## Work instruction
When you reach the line containing "Custom Embroidered Hoodies", begin reproducing the material exactly, stop after the line containing "A compact kitchen", and leave out any pictures along the way.

## Entries supplied
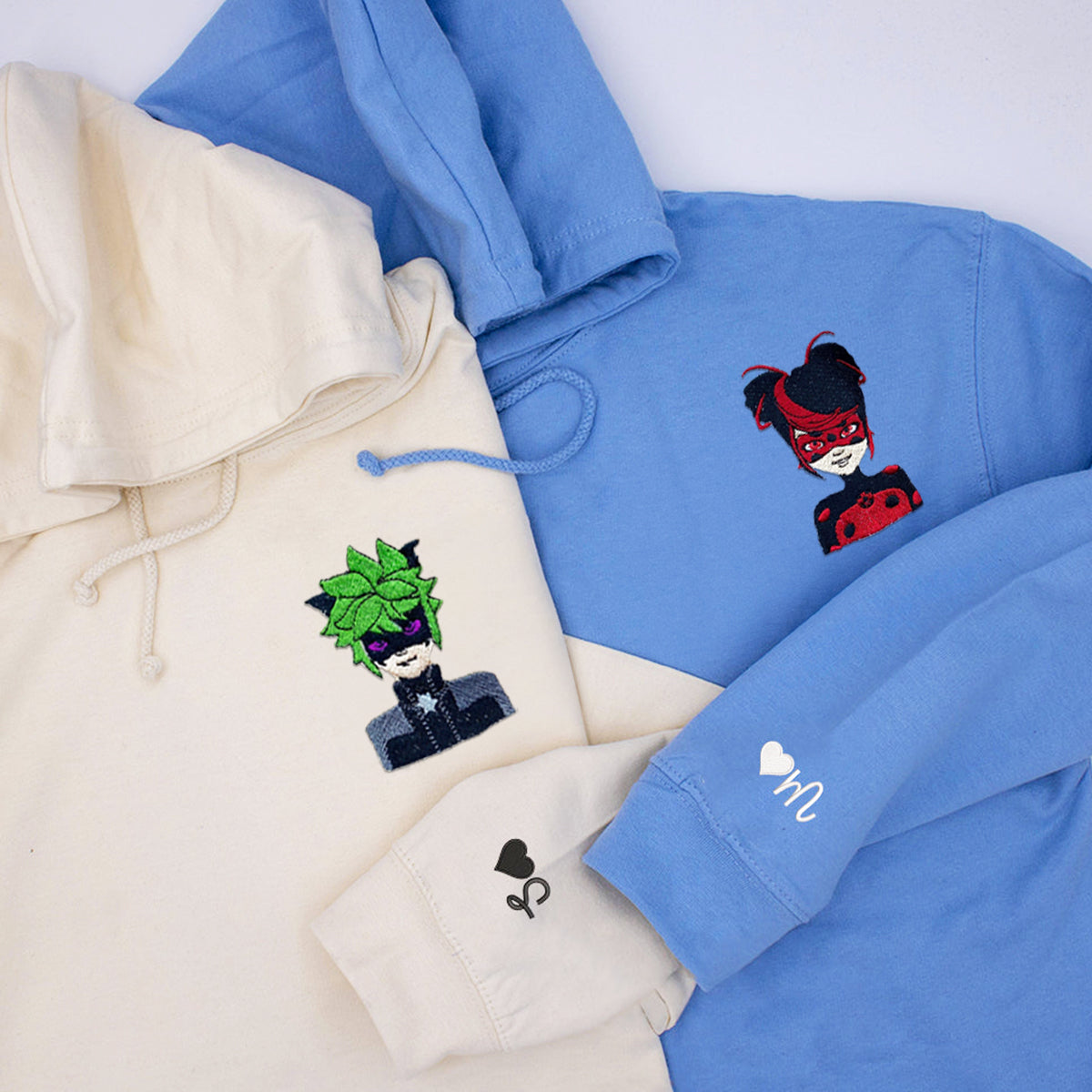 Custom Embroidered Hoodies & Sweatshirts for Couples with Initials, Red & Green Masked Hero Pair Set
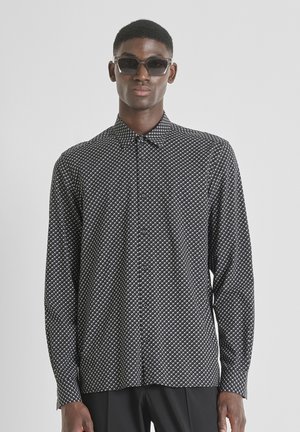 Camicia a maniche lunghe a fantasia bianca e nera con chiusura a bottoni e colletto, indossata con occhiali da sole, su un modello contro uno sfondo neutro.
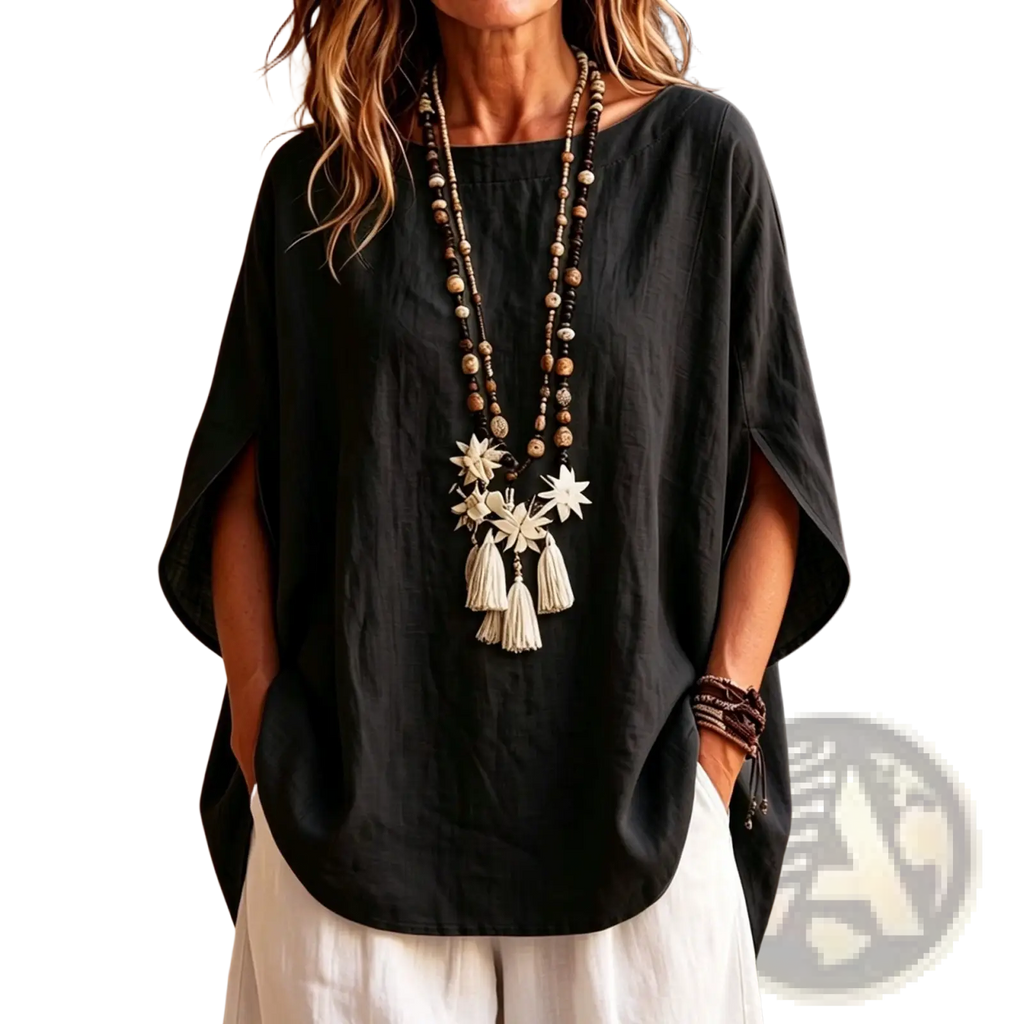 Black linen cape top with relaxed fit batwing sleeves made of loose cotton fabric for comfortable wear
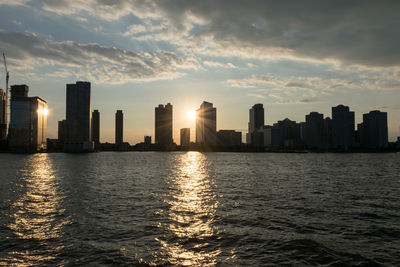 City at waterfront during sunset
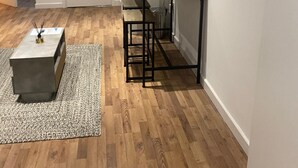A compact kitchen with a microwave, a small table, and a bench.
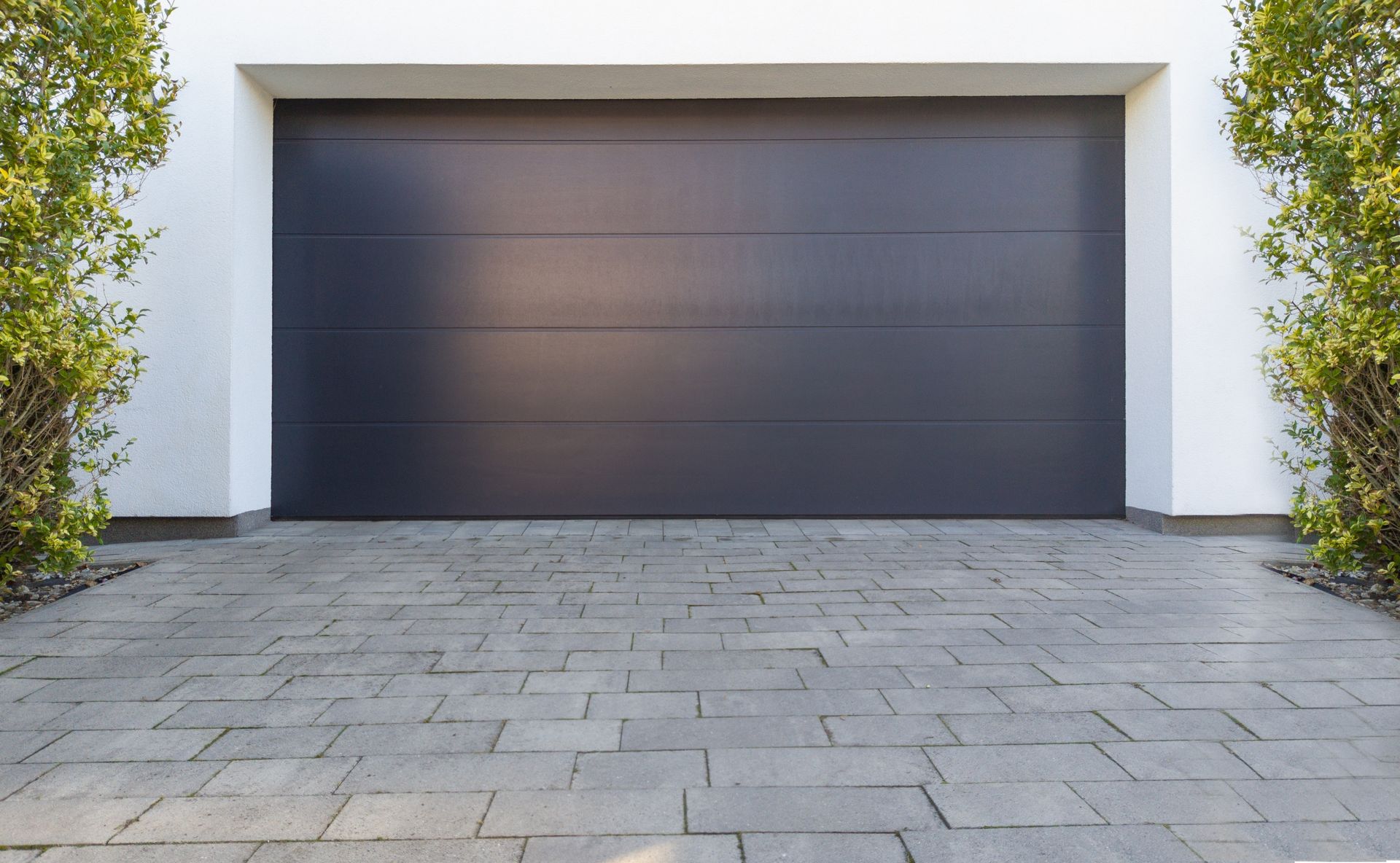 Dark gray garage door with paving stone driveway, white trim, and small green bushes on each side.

--

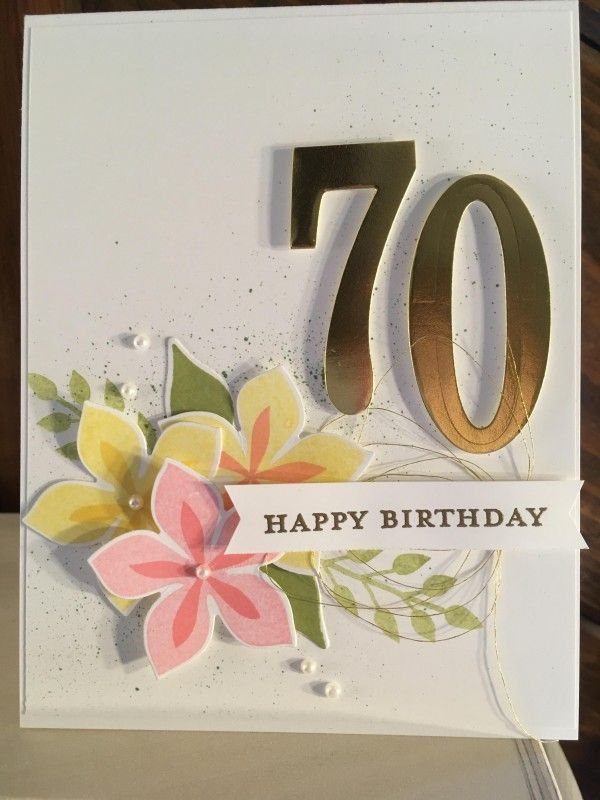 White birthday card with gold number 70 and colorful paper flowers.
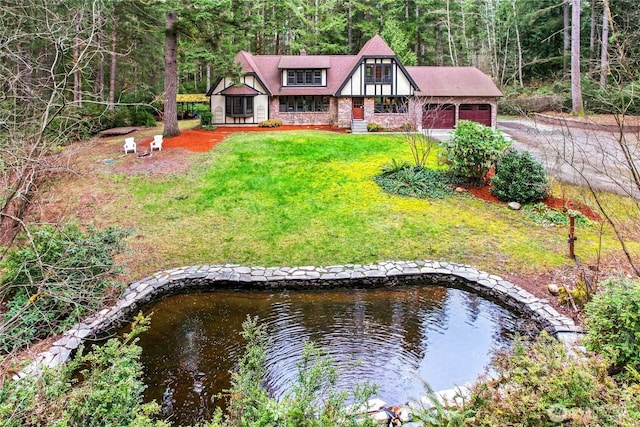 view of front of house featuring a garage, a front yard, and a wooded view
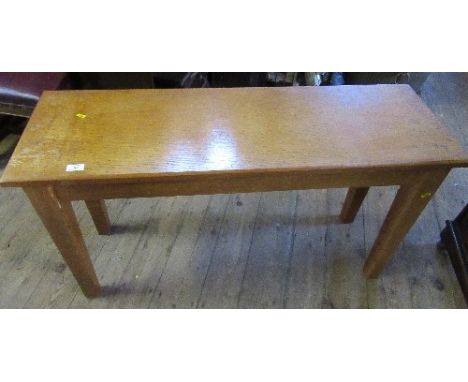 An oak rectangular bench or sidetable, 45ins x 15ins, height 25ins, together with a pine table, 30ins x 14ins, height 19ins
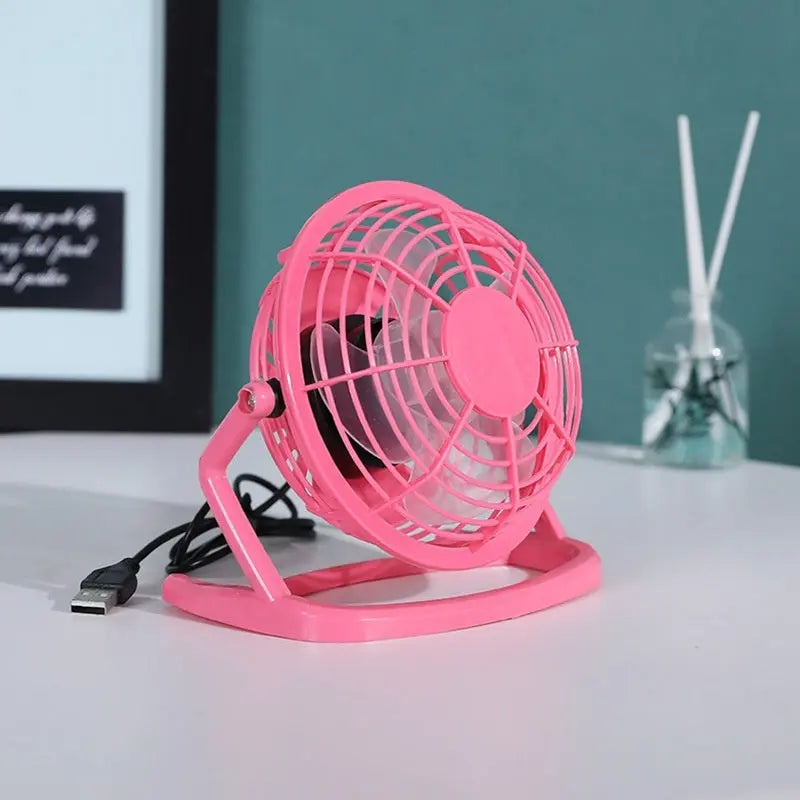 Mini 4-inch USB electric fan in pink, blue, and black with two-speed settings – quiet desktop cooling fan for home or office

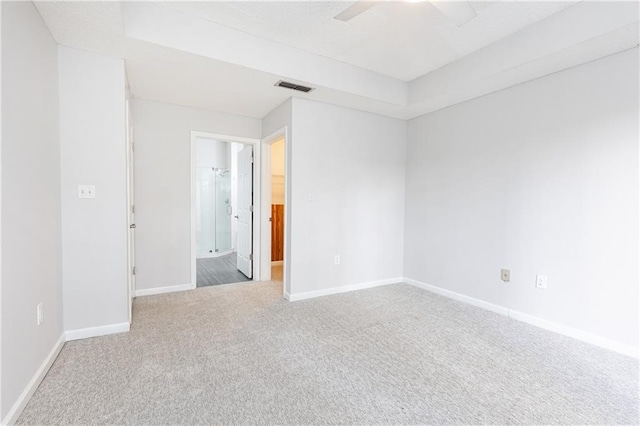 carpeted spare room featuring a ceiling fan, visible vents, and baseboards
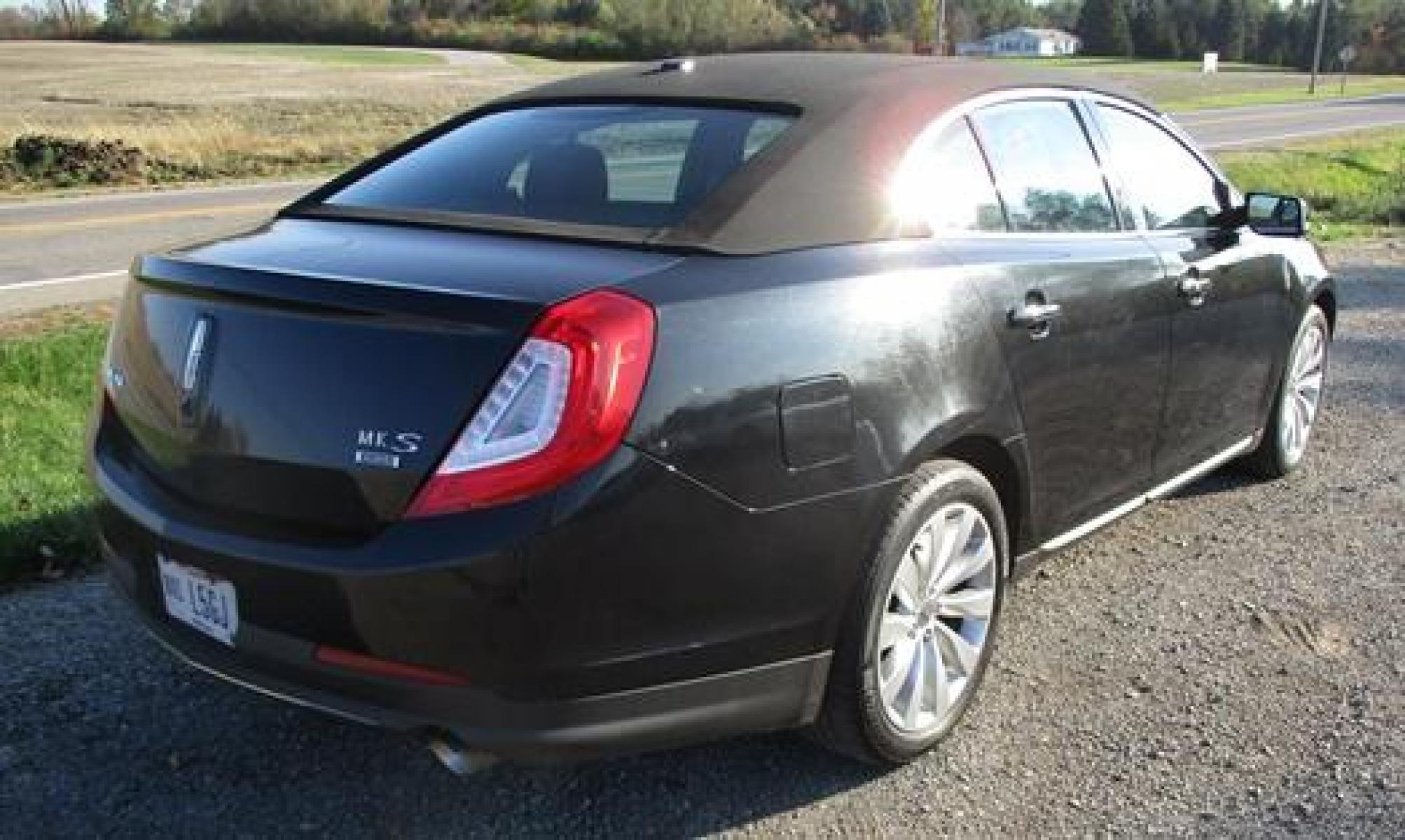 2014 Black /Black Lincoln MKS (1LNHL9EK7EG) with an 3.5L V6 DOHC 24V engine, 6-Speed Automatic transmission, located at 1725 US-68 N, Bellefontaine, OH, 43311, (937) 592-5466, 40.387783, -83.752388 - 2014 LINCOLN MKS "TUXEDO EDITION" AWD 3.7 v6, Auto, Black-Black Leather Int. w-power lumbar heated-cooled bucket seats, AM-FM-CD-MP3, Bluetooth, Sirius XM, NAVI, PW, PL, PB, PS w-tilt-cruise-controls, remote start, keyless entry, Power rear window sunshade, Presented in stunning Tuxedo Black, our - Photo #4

## Response to this task
 Custom Embroidered Hoodies & Sweatshirts for Couples with Initials, Red & Green Masked Hero Pair Set
 Camicia a maniche lunghe a fantasia bianca e nera con chiusura a bottoni e colletto, indossata con occhiali da sole, su un modello contro uno sfondo neutro.
 Black linen cape top with relaxed fit batwing sleeves made of loose cotton fabric for comfortable wear
 City at waterfront during sunset
A compact kitchen with a microwave, a small table, and a bench.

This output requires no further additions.